Come with me to the Kremlin: Whispering sweet nothings in infant ear

Come with me to the Kremlin: Whispering sweet nothings in infant ear

True, the approach, with its Islamophobic implications, may endanger the alliances with majority-Muslim governments that US conservatives painstakingly forged against sexual rights over 15 years. But Putin’s regime is far more powerful as a patron than Pakistan or Egypt. Seen from Rockford, Illinois, losing the latter to win the former isn’t a bad bargain. True, too, the origins of the argument are Eurocentric, and may prove off-putting in Africa or Asia. But Russia, with its “traditional values” rhetoric at the UN, is already trying to position itself to lead a socially conservative bloc of States in international venues. If you were Scott Mosher or Allan Carlson or Austin Ruse, you’d trust Putin with the hard work of getting Southern countries on board. Duma Speaker Sergei Naryshkin has already suggested this is a global duty for Russian diplomacy: “Recent events abroad have shown us the acute nature of the issue concerning the defense of traditional values. We must assert our point of view in international discussions. After all, we’re speaking on behalf of the overwhelming majority of Russian citizens.”
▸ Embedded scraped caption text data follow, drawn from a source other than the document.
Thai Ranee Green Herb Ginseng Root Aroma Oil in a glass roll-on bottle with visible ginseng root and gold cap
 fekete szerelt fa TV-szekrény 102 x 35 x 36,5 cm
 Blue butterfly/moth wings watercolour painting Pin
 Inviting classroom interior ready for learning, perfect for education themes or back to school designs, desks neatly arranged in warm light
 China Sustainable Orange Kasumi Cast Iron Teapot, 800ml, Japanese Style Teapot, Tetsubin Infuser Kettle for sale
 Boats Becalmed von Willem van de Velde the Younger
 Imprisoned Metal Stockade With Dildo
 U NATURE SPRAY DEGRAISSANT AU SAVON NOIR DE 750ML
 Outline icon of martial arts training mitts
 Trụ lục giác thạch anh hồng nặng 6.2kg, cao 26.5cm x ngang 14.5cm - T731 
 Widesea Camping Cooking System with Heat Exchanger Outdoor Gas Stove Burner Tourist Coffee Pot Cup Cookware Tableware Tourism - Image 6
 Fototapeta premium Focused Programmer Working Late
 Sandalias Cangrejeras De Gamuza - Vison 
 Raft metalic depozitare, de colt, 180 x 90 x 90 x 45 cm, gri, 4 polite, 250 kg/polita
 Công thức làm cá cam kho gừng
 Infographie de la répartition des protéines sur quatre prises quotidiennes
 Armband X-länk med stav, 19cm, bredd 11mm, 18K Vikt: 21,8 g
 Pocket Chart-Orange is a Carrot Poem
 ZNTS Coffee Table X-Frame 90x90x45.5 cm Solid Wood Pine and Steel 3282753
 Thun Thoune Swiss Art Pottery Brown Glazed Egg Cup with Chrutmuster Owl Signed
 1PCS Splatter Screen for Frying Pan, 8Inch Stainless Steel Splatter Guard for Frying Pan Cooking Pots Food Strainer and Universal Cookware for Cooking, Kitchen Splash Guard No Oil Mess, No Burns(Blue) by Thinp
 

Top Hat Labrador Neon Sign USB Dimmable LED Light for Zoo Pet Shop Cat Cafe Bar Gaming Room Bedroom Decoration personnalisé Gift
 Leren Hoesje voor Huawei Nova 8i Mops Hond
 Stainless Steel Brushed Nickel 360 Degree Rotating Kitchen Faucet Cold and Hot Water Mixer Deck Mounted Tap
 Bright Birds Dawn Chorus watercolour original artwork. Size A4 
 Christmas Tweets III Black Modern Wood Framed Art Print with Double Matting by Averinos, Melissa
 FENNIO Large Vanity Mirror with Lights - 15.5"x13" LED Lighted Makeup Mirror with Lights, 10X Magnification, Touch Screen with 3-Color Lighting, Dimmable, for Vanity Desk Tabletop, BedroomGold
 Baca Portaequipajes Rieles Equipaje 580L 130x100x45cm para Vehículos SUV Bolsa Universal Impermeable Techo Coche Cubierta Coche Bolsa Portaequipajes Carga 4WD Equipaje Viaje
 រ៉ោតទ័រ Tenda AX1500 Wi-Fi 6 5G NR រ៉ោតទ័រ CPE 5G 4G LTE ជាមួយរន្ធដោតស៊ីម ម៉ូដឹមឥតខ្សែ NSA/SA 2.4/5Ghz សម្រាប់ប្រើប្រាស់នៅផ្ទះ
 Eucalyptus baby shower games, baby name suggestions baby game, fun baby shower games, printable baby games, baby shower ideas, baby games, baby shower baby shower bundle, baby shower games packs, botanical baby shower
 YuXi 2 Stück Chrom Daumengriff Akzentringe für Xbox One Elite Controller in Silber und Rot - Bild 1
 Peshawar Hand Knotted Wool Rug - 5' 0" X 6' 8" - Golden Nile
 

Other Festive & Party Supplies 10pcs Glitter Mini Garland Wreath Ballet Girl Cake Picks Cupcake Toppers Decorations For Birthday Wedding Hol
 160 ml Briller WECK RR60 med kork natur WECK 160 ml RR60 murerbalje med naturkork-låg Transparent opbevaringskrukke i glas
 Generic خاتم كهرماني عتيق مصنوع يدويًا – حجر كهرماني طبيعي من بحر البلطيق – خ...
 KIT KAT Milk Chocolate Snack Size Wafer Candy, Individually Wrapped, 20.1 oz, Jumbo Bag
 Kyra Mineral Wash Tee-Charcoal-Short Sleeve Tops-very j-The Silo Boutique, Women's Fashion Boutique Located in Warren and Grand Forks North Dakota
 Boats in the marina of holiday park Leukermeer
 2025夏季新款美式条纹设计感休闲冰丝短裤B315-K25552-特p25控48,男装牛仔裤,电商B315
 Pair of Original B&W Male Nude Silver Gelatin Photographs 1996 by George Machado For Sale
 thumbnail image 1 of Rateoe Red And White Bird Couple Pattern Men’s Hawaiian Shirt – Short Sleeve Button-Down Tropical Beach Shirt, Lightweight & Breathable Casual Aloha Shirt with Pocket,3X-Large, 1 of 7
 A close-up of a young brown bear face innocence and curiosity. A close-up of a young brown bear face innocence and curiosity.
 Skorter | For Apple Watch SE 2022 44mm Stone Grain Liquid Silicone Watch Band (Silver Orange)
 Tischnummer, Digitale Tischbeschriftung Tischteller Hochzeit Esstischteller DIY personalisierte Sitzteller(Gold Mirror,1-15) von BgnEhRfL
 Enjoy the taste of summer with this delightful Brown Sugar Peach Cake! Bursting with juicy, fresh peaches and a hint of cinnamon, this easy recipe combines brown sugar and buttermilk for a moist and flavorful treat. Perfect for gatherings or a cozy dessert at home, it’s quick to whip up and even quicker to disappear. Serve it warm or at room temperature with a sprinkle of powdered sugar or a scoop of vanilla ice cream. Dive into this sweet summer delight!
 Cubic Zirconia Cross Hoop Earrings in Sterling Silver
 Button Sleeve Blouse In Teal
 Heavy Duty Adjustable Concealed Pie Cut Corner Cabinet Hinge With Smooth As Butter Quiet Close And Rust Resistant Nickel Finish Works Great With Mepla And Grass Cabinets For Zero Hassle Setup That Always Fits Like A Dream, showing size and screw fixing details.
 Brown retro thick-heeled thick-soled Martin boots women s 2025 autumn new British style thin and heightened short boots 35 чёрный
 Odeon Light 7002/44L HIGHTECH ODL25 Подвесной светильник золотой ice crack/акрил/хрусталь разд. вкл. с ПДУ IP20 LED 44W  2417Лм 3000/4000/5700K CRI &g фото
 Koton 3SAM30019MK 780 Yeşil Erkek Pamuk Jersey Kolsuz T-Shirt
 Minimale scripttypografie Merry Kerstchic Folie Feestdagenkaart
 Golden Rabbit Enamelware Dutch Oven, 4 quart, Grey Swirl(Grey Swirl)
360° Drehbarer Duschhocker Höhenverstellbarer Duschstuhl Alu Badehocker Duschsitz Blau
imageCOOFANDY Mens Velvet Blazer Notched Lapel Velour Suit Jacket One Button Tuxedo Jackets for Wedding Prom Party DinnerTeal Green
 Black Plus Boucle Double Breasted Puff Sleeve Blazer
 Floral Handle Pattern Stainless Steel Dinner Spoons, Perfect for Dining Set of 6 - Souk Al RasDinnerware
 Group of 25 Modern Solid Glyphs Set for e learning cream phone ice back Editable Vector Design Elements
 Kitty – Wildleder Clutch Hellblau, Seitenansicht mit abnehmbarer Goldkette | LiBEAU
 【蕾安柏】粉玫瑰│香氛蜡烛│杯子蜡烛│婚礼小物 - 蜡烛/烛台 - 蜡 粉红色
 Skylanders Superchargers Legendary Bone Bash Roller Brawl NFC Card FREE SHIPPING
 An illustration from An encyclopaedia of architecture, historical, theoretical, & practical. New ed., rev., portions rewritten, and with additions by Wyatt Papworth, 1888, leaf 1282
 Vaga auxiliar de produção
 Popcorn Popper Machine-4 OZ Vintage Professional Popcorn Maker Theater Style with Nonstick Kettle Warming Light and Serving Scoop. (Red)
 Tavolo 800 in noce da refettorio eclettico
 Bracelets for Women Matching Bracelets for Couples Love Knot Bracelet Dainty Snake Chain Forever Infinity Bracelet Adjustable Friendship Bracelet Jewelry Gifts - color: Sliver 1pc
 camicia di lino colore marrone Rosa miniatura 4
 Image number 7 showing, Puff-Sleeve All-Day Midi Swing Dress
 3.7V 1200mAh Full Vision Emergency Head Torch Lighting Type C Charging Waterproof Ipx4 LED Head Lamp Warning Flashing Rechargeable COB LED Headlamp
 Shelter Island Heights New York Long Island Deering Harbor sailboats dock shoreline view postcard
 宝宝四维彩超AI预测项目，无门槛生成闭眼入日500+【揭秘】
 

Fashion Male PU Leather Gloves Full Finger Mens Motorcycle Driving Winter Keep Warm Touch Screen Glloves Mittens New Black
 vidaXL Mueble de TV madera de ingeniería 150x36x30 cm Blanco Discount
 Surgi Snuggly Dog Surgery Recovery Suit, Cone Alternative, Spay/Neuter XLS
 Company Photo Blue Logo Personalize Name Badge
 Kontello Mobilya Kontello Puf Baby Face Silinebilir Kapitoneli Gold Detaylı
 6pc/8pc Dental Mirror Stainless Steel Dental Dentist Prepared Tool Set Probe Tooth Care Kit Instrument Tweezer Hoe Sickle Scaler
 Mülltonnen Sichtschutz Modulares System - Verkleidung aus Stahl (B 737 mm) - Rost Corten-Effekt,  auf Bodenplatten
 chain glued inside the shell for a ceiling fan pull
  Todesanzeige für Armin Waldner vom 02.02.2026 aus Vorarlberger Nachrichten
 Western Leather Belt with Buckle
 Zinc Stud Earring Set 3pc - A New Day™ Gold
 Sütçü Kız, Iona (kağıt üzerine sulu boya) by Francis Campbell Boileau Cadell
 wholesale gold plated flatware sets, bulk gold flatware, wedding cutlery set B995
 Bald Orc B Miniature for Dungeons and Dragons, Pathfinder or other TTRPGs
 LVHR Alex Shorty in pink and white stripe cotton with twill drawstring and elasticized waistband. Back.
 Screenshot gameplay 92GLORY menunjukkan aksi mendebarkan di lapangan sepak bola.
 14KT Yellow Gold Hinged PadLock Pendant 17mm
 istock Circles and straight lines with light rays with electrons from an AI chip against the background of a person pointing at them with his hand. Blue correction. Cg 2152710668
In the New Right 2.0 that has Putin as patron, groups like the WCF are loud — but subordinate. They’ll make their noises, but they’ll do what they’re told. When Brian Brown or Scott Lively trek to Moscow, they more and more resemble minor Soviet-era satellite dictators, a Husák or Rákosi or Gomułka come to fawn over the top dog and do obeisance. They can strut and posture and piss over the territory back in their own back yards, but they know who leads the pack.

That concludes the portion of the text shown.